This just might be the phone for me.



maverick786us said:


> Sad that Lumia 920 being just an LTE device will not come to india. If I import an 920 from US, will it work with indian carriers?



im pretty sure there will be an international edition, you wont need to import


----------



## maverick786us (Sep 6, 2012)

ssk_the_gr8 said:


> @rider
> let me be more specific , krait quad will beat exynos quad
> 
> *Mid-range Nokia WP8 Lumia phones said to arrive in early 2013
> ...



I hope so. The same happened with Lumia 900 to I waited for international edition but it never came to india


----------



## cooljeba (Sep 6, 2012)

you guys check out Samsung Ativ S too. Looks super good


----------



## ssk_the_gr8 (Sep 6, 2012)

^^ yeah its good to

900 was not launched because only a few months were left for WP8 launch, 920 will launch on time for sure


----------



## pratyush997 (Sep 6, 2012)

Did Nokia fake the still photos too?


----------



## randomuser111 (Sep 6, 2012)

^

So much for "revolutionary" pureview camera 

Also in the video where the Lumia 920 and Iphone 4S are being compared for low light performance you can see that Lumia used Flash assistance whereas Iphone 4s did not. 

Let actual reviews come out, then we will find out how good this 8mp pureview camera is. And the IS comparison they disabled Image stabilization in the "rival smartphone" (GS3?) and compared with the Lumia. DUH! Obviously if you disable image stabilization it will seem like there is a huge difference. 

Not good, Nokia !!.


----------



## dashing.sujay (Sep 6, 2012)

Nokia won the photo challenge woo. I feel like this is the phone for me. Waiting for mid segment to launch.


----------



## pratyush997 (Sep 6, 2012)

^u  saw my last post


----------



## randomuser111 (Sep 6, 2012)

@dashing.sujay

There is no mid segment Win8 device this year, only next year. I don't expect to see 820 below 29k in India that too around December.
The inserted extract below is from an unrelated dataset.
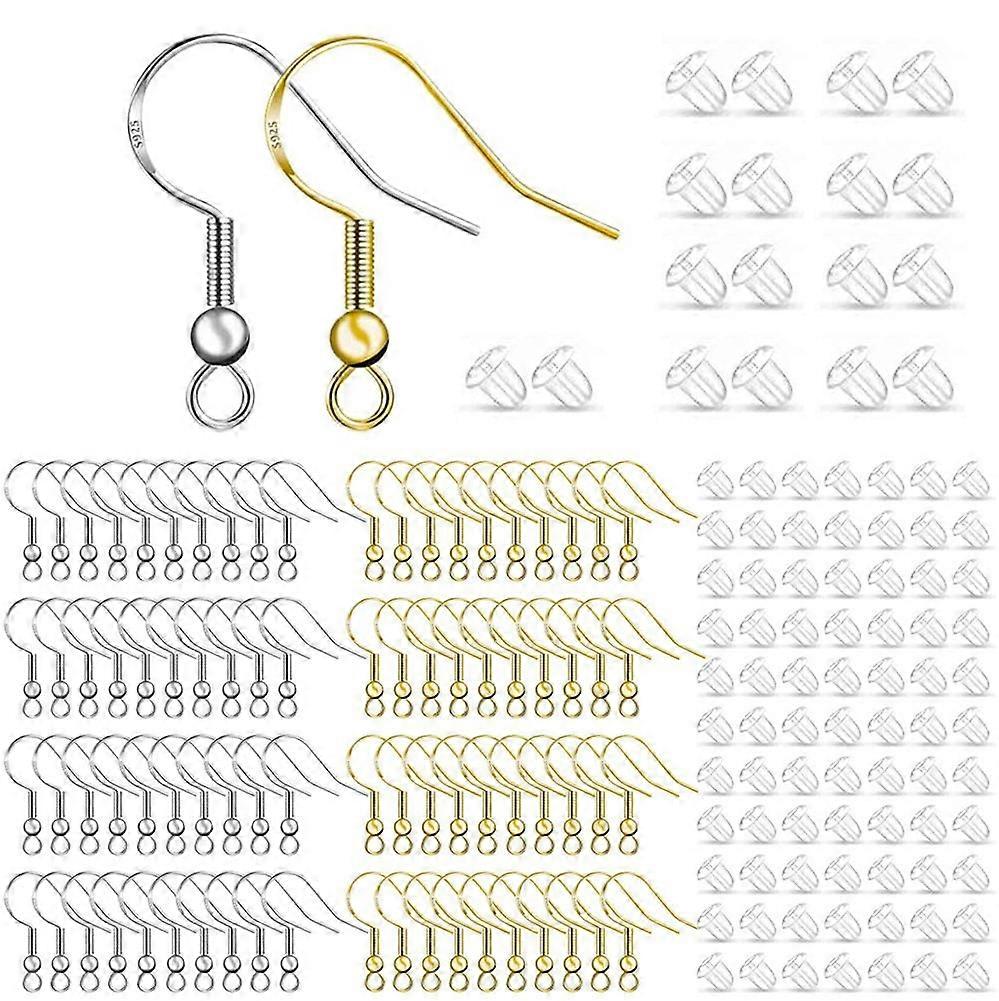 200pcs Hypoallergenic Earring Hook Kit Mix-color Ear Wires Fish Hooks Open Jump Rings Earplugs For Earring Making Repair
And also it was quite clear the photo quality isn't great when there was no mention of anything to do with photo quality. OIS, lens app, low light performance. Nothing about how the pureview tech works in this phone. And also something that a lot of guys seem to overlook is this phone has a 1/3" sensor - the same size as Iphone 4S/Galaxy S2/Xperia S/Galaxy S3/Note/One X. There is no way this phone will offer GREAT photo quality. And I think even Nokia acknowledges this fact which is why it had to resort to lies and also the reason why we still haven't seen a 1080p same shot with the 920 nor full size 8mp stills. 

Within hours of the 808  pureview announcement the Internet was filled with Full 41 MP sample photos and videos, but its almost a day since the 920 announcement and we have seen no REAL photo or video from the 920.


----------



## dashing.sujay (Sep 6, 2012)

pratyush997 said:


> ^u  saw my last post



Yes, still I believe Nokia will trump others.



randomuser111 said:


> @dashing.sujay
> 
> There is no mid segment Win8 device this year, only next year. I don't expect to see 820 below 29k in India that too around December.



Who is going to buy phone this year?


----------



## ssk_the_gr8 (Sep 6, 2012)

randomuser111 said:


> ^
> 
> So much for "revolutionary" pureview camera
> 
> ...



the flash is used to detect the iso only(guy says that in the video too). Heard of HDR? 

if they would have used flash with the 920 wouldnt the image have been brighter?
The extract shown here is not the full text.